When the COVID-19 pandemic began, the Centers for Disease Control and Prevention (CDC) halted toothbrushing in the early childcare setting. The CDC recently updated the guidance on toothbrushing in the childcare setting. Toothbrushing may resume if childcare programs can implement strategies to reduce the possibility of transmitting the virus to others via salivary droplets during brushing.

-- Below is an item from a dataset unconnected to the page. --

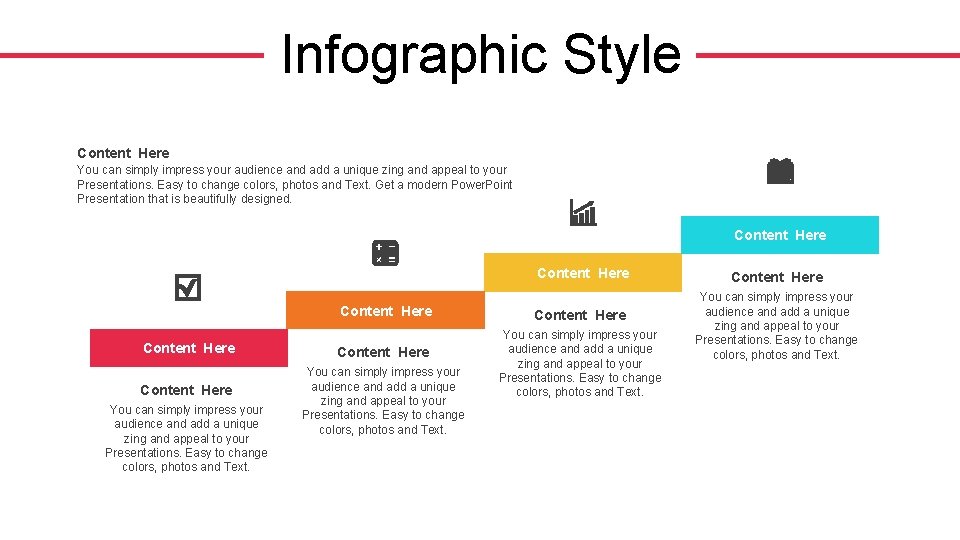 Infographic Style Content Here You can simply impress your audience and add a unique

It is important to help young children develop healthy oral care habits. These healthy habits will set the stage for a healthy mouth for a lifetime. Not only is frequent toothbrushing with a fluoride toothpaste important, but regular dental checkups also promote good oral care. Encourage parents to schedule a visit with a dental professional within six months of the eruption of the first tooth. Routine and regular checkups will aid with keeping a healthy mouth and protecting teeth. 

A healthy diet also promotes a healthy mouth. Serve children a diet that is high in fruits and vegetables and low in added sugars. It is very important to avoid serving sugary drinks to children. Encourage children to drink plenty of water during the day. Even babies can get tooth decay. Never allow an infant to have a bottle/sippy cup in the crib at naptime. The sugars in the formula, milk, or juice will slowly eat away at the tooth enamel. The teeth may then become pitted and discolored. Cavities may form as a result.